*WHAT IS EXPECTED*. Repeat exactly the opening lines of the records, ending with the line that contains "For the first".

(Stored data entries)
::::
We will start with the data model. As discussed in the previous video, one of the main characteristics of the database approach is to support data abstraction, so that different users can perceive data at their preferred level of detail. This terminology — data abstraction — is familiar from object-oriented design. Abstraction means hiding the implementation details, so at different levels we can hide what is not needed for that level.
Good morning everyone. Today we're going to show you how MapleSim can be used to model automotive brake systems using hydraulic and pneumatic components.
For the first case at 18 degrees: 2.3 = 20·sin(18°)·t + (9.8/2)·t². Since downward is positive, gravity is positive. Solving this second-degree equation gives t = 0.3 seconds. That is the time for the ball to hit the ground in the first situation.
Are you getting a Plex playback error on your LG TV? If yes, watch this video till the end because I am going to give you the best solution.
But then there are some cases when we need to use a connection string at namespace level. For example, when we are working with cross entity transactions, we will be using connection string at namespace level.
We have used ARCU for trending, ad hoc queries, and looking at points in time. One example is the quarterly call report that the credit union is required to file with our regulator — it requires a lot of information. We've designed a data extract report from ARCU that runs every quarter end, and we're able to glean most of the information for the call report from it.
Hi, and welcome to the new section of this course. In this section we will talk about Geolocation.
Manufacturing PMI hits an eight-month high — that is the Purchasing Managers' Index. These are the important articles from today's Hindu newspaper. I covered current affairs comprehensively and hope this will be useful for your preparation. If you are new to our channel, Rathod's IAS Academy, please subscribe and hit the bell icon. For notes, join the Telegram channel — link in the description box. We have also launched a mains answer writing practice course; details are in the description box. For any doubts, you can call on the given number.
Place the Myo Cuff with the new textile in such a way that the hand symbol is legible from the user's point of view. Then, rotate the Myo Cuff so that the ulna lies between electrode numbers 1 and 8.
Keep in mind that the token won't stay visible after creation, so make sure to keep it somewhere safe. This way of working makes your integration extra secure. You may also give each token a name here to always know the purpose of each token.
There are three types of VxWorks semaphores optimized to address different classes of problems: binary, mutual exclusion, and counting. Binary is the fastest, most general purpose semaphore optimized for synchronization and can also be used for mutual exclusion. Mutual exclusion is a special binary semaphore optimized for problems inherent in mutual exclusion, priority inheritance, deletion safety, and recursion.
::::
*TASK RESPONSE*.
We will start with the data model. As discussed in the previous video, one of the main characteristics of the database approach is to support data abstraction, so that different users can perceive data at their preferred level of detail. This terminology — data abstraction — is familiar from object-oriented design. Abstraction means hiding the implementation details, so at different levels we can hide what is not needed for that level.
Good morning everyone. Today we're going to show you how MapleSim can be used to model automotive brake systems using hydraulic and pneumatic components.
For the first case at 18 degrees: 2.3 = 20·sin(18°)·t + (9.8/2)·t². Since downward is positive, gravity is positive. Solving this second-degree equation gives t = 0.3 seconds. That is the time for the ball to hit the ground in the first situation.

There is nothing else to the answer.